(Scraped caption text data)
BEGIN
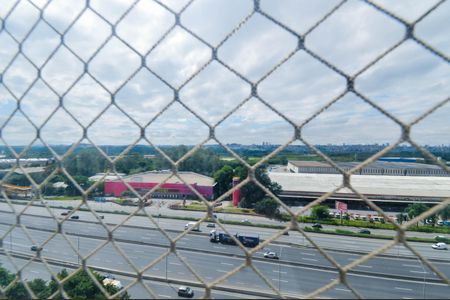 Vista da Varanda de apartamento para alugar com 3 quartos, 75m² em Vila Augusta, Guarulhos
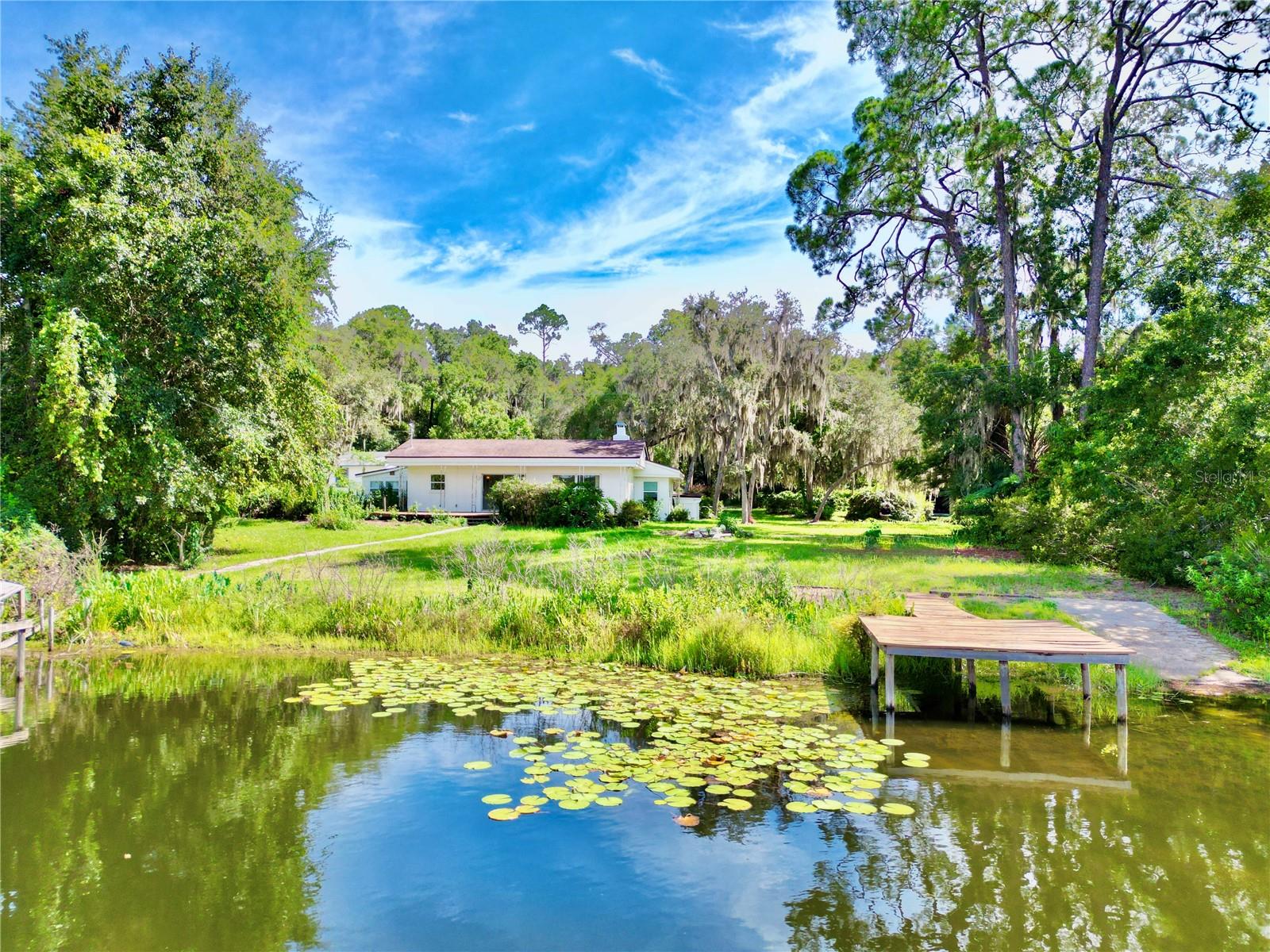 LAKE MCMEEKIN - Residential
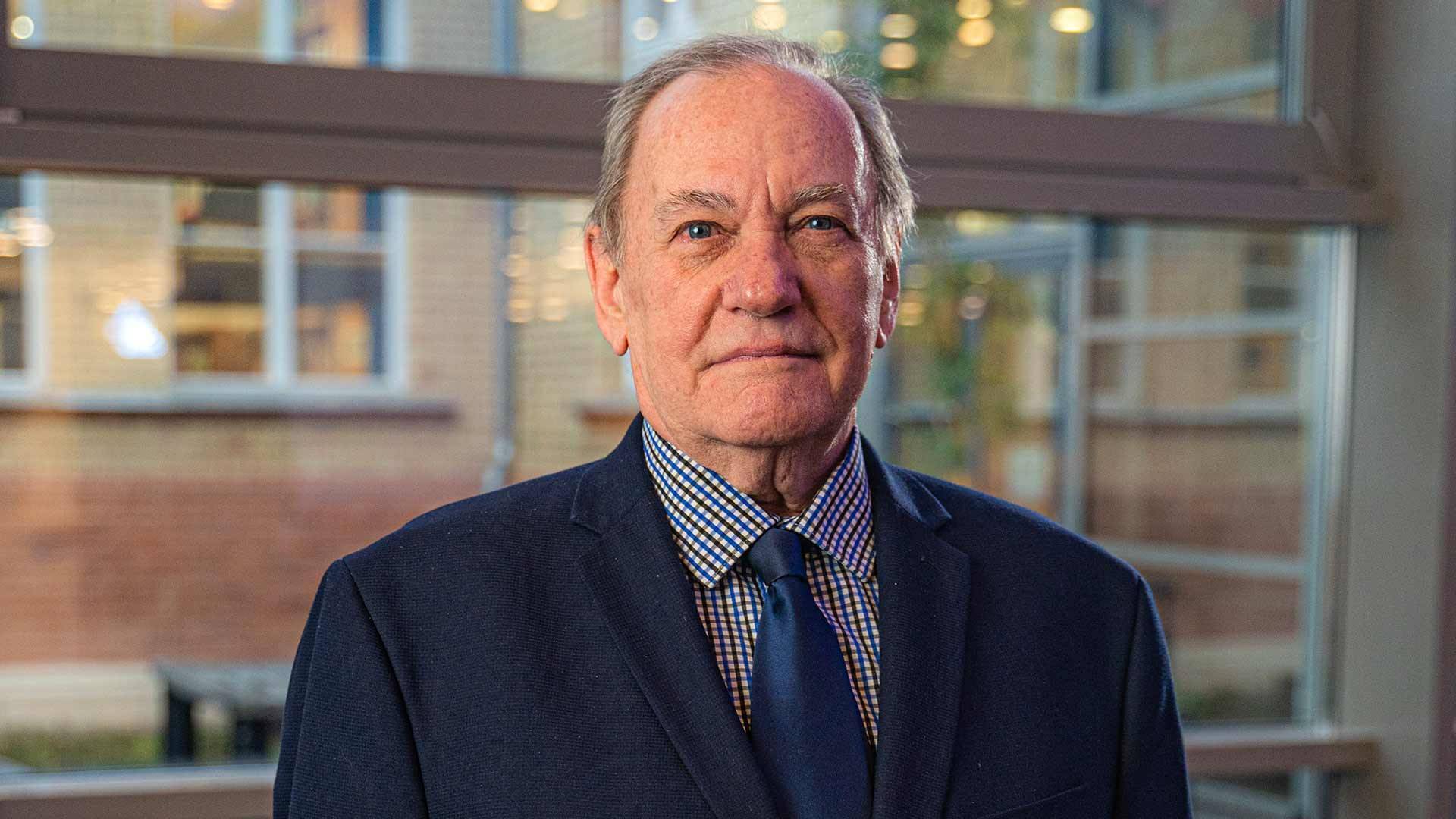 Ákos Koller participates in the 2025 Regional Physiology Meeting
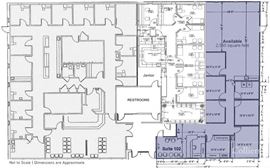 Suite 102 - Frederick Street Court
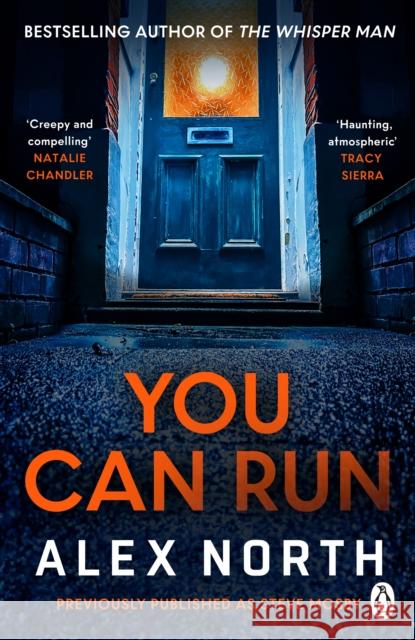 You Can Run Alex North 9781405966108 Penguin Books Ltd - książka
END
Goal of the exercise: Could you set down exactly, and only, the lines from the line containing "Suite 102 - Frederick Street Court" through the last line of the records, both included, without the pictures?

Task response:
 Suite 102 - Frederick Street Court
 You Can Run Alex North 9781405966108 Penguin Books Ltd - książka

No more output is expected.